◆ To do: Your task is to repeat exactly the lines below between the line holding "SEATTLE, WASHINGTON - NOVEMBER" and the line holding "cocina con fregadero", inclusive, and only those.

-- Records for this exercise follows --

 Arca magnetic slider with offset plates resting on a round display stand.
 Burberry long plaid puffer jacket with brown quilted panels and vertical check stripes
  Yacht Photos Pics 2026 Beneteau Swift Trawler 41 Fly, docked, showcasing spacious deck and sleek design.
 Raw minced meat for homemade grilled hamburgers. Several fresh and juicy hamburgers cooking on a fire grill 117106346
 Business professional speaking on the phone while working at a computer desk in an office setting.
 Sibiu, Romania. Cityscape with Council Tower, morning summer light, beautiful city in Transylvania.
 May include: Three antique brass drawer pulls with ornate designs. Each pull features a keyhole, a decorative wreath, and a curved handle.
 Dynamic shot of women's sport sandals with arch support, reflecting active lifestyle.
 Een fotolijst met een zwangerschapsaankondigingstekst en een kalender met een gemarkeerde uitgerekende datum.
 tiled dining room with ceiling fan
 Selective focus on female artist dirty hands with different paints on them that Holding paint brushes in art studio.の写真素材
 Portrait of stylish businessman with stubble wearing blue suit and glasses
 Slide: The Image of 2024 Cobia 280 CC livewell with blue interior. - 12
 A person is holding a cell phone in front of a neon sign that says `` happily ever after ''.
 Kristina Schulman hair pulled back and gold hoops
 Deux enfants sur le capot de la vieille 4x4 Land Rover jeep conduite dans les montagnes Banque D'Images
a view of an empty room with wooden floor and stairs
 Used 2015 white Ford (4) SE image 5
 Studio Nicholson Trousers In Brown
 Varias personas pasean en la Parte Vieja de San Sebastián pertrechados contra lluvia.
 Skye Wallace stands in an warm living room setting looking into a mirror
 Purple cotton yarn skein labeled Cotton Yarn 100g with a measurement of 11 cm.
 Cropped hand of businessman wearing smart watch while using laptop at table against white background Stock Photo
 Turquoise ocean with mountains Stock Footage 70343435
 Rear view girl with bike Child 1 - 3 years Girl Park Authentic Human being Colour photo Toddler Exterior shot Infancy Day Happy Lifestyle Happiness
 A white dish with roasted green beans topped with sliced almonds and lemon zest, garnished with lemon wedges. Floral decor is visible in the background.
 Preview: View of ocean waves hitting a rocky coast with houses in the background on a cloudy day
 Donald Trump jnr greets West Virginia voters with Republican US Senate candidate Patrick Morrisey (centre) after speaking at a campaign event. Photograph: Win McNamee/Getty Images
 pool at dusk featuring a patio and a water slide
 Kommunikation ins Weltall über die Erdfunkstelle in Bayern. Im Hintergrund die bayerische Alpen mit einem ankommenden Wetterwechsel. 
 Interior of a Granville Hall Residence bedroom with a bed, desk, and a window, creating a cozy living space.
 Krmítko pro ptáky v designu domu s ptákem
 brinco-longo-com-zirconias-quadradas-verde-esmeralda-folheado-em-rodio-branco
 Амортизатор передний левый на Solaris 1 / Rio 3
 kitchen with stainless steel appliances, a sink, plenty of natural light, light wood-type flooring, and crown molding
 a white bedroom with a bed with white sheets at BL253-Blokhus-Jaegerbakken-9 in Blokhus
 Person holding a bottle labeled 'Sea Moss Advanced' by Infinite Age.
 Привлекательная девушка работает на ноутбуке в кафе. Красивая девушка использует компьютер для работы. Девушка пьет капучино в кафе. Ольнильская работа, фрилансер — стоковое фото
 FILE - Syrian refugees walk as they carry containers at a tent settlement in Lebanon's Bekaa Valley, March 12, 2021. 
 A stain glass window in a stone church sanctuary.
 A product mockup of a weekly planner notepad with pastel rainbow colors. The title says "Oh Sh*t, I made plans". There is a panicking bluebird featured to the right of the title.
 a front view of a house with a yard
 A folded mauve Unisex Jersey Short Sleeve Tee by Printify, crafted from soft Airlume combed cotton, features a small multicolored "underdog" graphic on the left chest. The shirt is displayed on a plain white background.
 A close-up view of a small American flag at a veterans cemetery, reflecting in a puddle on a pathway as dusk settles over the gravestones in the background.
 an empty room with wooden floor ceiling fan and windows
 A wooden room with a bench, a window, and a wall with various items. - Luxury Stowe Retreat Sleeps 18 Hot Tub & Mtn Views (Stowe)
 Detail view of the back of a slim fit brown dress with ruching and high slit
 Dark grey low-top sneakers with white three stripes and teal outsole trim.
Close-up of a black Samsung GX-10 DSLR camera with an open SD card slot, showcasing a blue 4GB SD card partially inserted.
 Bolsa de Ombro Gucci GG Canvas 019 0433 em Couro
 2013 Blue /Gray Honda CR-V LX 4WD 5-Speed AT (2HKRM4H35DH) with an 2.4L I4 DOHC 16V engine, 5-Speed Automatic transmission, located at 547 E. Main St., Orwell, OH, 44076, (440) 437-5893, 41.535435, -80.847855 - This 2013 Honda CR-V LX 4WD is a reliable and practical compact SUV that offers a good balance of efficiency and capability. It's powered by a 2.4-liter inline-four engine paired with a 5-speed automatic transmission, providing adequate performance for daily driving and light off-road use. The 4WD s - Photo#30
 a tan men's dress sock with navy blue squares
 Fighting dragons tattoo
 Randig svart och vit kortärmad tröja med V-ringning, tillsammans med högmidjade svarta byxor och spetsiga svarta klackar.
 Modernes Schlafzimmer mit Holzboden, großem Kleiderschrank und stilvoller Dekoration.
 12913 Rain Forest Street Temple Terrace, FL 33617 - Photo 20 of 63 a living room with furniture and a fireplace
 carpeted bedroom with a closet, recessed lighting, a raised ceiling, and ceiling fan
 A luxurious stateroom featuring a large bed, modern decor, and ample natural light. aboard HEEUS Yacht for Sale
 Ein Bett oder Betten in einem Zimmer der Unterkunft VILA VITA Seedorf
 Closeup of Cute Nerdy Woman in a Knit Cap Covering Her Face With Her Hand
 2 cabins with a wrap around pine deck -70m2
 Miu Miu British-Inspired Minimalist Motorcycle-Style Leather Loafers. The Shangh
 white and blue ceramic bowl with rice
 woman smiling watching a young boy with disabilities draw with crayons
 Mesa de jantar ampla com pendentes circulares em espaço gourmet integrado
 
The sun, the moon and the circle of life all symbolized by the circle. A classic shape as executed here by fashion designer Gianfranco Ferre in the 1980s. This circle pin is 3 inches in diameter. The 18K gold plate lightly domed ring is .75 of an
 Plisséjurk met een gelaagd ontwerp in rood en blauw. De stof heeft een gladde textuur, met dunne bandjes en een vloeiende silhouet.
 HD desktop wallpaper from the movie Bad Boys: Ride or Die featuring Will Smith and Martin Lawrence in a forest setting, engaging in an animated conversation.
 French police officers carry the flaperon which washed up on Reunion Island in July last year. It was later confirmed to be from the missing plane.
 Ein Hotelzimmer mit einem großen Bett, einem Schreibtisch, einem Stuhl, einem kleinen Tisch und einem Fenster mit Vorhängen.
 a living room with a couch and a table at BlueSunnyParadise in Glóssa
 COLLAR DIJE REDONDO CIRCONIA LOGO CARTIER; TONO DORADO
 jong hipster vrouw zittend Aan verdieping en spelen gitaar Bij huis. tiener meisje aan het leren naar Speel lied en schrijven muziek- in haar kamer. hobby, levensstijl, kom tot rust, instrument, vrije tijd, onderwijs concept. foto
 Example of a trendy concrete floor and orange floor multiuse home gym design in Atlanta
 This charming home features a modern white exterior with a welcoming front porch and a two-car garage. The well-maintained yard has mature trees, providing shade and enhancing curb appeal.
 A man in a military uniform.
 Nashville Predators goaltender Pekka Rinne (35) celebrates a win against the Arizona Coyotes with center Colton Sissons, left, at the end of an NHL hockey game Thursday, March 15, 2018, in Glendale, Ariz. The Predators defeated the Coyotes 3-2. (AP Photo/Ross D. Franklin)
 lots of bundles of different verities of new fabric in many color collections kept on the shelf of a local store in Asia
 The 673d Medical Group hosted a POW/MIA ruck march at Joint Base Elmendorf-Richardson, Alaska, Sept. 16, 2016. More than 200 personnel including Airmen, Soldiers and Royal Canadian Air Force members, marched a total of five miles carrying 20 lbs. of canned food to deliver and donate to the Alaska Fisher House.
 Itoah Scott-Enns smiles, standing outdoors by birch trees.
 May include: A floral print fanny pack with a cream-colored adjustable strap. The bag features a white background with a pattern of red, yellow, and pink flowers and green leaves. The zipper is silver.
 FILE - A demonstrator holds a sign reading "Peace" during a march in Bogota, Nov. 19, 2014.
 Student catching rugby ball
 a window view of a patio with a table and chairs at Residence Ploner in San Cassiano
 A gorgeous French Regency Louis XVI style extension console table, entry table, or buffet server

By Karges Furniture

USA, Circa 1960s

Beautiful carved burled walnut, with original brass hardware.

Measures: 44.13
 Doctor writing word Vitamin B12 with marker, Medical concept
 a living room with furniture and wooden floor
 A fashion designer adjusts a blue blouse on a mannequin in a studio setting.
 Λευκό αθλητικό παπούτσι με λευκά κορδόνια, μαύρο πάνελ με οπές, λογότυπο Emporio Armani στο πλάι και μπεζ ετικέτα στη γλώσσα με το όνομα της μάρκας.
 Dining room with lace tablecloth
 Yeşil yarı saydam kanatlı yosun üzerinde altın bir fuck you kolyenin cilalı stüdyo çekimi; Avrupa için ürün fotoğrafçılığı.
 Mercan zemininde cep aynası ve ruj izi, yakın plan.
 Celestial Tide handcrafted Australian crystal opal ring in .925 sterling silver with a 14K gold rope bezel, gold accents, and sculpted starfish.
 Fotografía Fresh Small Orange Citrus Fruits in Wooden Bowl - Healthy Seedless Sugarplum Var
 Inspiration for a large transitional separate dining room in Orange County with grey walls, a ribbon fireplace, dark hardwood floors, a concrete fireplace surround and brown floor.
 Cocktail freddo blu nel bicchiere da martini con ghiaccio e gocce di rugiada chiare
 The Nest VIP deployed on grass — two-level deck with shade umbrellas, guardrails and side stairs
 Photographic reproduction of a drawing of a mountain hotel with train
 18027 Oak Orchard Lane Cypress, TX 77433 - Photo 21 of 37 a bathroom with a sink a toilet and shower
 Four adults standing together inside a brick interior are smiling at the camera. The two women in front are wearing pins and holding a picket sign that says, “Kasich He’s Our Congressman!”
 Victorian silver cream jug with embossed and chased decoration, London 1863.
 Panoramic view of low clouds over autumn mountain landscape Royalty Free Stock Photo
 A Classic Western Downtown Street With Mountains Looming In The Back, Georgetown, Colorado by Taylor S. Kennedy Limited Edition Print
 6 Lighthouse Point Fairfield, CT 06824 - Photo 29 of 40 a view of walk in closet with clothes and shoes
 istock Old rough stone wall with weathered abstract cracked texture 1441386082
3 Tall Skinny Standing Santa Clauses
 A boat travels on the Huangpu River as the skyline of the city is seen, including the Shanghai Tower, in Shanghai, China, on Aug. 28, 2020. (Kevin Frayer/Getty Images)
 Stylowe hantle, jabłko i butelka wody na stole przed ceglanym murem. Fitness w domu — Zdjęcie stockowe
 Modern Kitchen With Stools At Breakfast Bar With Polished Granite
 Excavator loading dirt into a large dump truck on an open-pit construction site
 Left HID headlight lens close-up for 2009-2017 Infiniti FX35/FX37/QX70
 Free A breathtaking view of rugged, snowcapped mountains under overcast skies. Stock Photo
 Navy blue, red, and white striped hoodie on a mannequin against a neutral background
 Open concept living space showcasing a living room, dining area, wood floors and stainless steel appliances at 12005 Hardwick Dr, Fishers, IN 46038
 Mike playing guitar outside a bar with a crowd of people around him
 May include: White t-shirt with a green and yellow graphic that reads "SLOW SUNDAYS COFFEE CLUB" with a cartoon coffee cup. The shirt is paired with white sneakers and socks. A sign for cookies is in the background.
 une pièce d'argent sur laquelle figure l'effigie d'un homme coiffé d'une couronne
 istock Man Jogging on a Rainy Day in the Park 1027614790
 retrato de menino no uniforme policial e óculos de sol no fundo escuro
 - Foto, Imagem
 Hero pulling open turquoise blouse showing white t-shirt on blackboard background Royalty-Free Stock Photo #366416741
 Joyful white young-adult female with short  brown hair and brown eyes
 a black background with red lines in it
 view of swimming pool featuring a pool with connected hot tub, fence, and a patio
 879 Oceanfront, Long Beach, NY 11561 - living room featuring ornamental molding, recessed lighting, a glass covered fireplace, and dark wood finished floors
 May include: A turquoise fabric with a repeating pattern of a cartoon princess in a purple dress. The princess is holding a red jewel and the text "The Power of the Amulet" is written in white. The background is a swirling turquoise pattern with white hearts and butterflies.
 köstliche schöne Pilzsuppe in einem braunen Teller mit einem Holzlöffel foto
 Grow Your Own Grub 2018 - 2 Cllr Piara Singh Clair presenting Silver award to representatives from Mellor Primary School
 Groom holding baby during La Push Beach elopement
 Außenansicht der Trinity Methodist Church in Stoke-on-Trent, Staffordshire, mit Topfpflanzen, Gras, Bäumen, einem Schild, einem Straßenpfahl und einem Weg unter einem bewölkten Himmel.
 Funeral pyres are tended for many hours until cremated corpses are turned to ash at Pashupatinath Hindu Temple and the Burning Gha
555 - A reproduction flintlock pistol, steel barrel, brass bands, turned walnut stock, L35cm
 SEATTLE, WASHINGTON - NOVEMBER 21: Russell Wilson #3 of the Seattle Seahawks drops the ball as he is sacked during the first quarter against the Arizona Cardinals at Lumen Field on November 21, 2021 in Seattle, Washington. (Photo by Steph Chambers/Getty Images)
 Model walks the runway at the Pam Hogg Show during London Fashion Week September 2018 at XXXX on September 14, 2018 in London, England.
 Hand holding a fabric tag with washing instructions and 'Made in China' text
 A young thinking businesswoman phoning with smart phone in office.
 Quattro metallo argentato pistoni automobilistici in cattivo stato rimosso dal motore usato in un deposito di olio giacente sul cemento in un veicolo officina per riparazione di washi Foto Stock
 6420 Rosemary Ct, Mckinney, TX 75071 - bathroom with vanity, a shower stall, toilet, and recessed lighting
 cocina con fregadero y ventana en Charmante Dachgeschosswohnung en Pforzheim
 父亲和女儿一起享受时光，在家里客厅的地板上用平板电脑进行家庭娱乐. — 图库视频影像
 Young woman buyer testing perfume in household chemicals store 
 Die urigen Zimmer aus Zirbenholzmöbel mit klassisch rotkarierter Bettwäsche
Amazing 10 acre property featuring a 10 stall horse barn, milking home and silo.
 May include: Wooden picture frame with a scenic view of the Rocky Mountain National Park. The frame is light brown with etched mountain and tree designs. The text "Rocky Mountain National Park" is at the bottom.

-- Records for this exercise concluded --

◆ Task answer:
 SEATTLE, WASHINGTON - NOVEMBER 21: Russell Wilson #3 of the Seattle Seahawks drops the ball as he is sacked during the first quarter against the Arizona Cardinals at Lumen Field on November 21, 2021 in Seattle, Washington. (Photo by Steph Chambers/Getty Images)
 Model walks the runway at the Pam Hogg Show during London Fashion Week September 2018 at XXXX on September 14, 2018 in London, England.
 Hand holding a fabric tag with washing instructions and 'Made in China' text
 A young thinking businesswoman phoning with smart phone in office.
 Quattro metallo argentato pistoni automobilistici in cattivo stato rimosso dal motore usato in un deposito di olio giacente sul cemento in un veicolo officina per riparazione di washi Foto Stock
 6420 Rosemary Ct, Mckinney, TX 75071 - bathroom with vanity, a shower stall, toilet, and recessed lighting
 cocina con fregadero y ventana en Charmante Dachgeschosswohnung en Pforzheim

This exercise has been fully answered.